Task  : Multiple Document Summarization
The participants produce two kinds of summaries from sets of
documents which are considered to be relevant to queries.

This task is basically the continuation of TSC2 Task B.

What is given to the participants:
- document sets
- queries which were used to produce the document sets
- set of questions about important information of the document sets
- summary lengths (2 kinds)

What the participants submit:
- two kinds of summaries
Note: It is up to the participants what information they use
(including what is given to them or some other information).
We will ask them what they use later on.

Subtask (optional task) Sentence extraction from the document sets
The participants select relevant sentences to queries from sets of the
query-relevant documents, and delete redundant information in them.
(cf. TREC Novelty Track relevant or new sentence extraction)

What is given to the participants:
- in addition to the above, the number of sentences to be extracted.
(2 kinds)

What the participants submit:
- result of evaluation which is described below in
  evaluation 1.

We think multiple-document summarization system needs
at least the following:
1. important sentence extraction technique
2. technique to measure the degree of closeness (or redundancy)
   of the extracted sentences
3. technique of shortening the sentences after deleting the
   redundant information.

The subtask aims at evaluating 1. and 2.

Evaluation

1. Recall, Precision, and F-measure
for systems which produce extracts in making summaries.
We will provide the scoring tool and the human-produced
extracts. (this is the evaluation of the subtask)
The participants should submit the evaluation results by the
specified date.  We gather the evaluation results of the
participants with the results of baseline system.
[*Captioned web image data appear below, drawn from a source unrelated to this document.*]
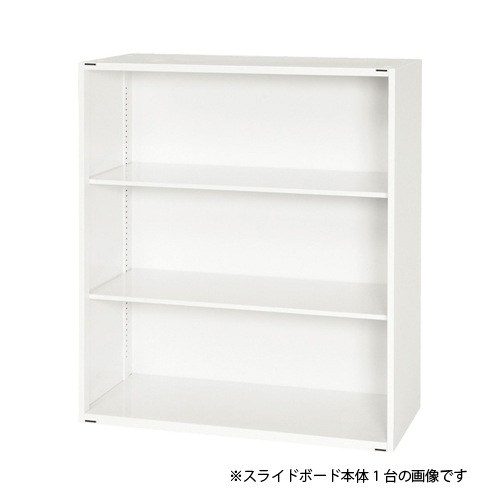 スチールホワイトボード スライドボード書庫 鍵なし 幅900×奥行360×高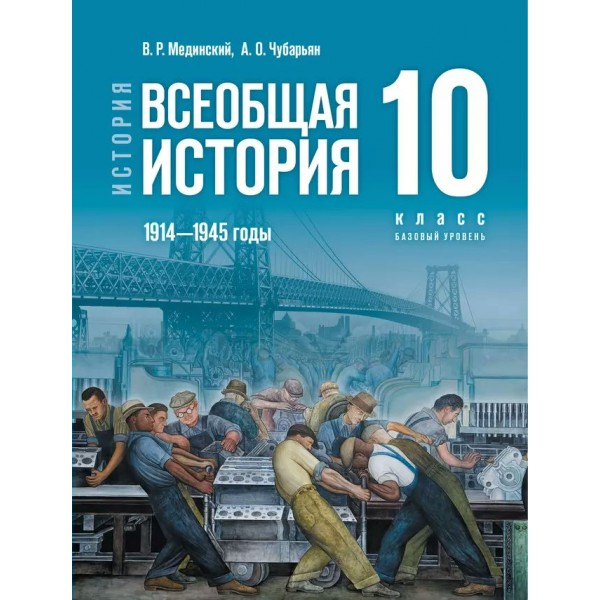 История. Всеобщая история. 1914 - 1945 годы. 10 класс. Учебник. Базовый уровень. 2025. Мединский В.Р. Просвещение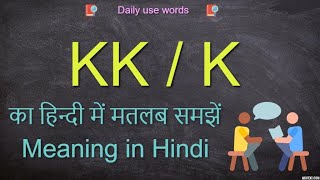 Kkk meaning in English  Kk K Meaning [upl. by Kristoffer]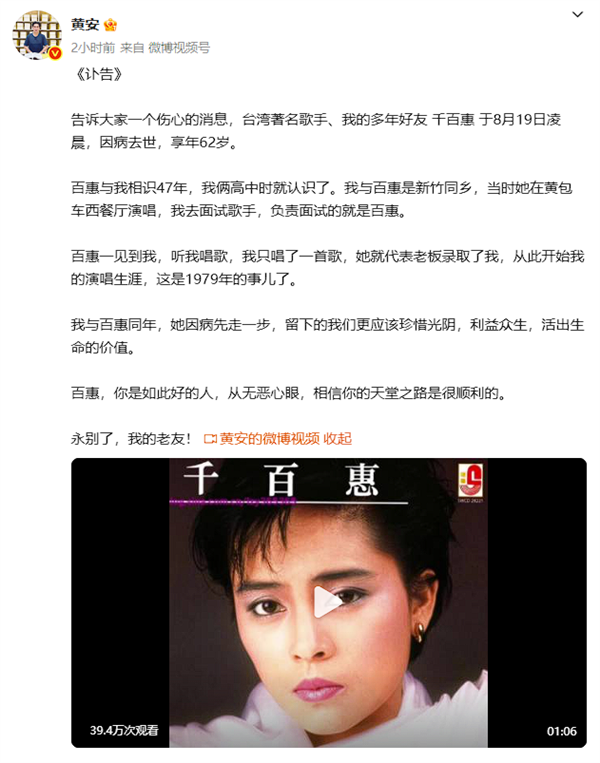 Classic Song 'Walking Through the Coffee Shop' Singer: Singer Qian Baihui Passes Away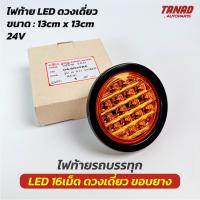 ไฟท้ายรถบรรทุก LED 24V ตราเพชร ไฟกลม ดวงเดี่ยว ขอบยาง สีส้ม ไฟท้าย ไฟสัญญาณ ไฟเลี้ยว ไฟหรี่ ไฟเบรค ไฟถอย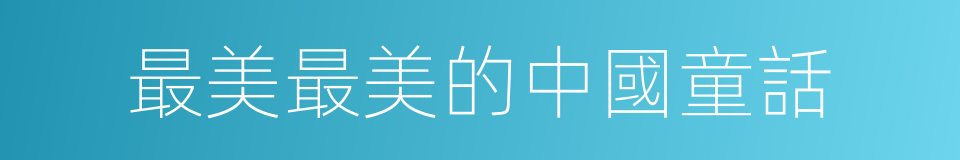最美最美的中國童話的同義詞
We use two kinds of recall, precision measures:
normal recall and precision scores, and
recall and precision scores which take redundancy into
account.

2. Intrinsic evaluation

a. Content evaluation
   Human judges match summaries they produced with sysytem
   results at sentence level, and evaluate the results based
   on the degree of the matching (how well they match).
   The sentences in the human-produced summaries have values
   that show the degree of importance, and these values are
   taken into account in coming up with final evaluation.

b. Readability evaluation
   Subjective evaluation based on quality questions.
   (Cf. DUC 2002)

If budget allows,

c. Evaluation by edition (continuation of TSC2 editing evaluation)

3. Extrinsic evaluation
The participants measure how much the system summaries include
the passages which are answers to the sets of questions.

We will make available the human-selected passages which are answers
to the sets of questions and provide the scorer.  The participants
submit the evaluation results by the specified date.
We gather the evaluation results of the
participants with the results of baseline system.

(If possible, we would like to use the scorer for SUMMAC Q&A task)

Schedule (tentative)

Note: we have no dryruns this time.

formal run
  start of the run   : 2003.11.17
  system results due : 2003.11.24
  evaluation results returned : 2004.2.1
  evaluation results (evaluation 1 and 3) due : 2004.2.1

Workshop
  workshop paper due : 2004.3.19
  NTCIR-4 Workshop: 2004.5

TSC3 features:
- Evaluation of core techniques for multiple document summarization
  (the optional subtask)
- Documents come from multiple genres (newspaper articles from two
  sources, newspaper articles and web pages)
- Automatic evaluation
  We adopt automatic (offline) evaluation methods in evaluation 1 and 3.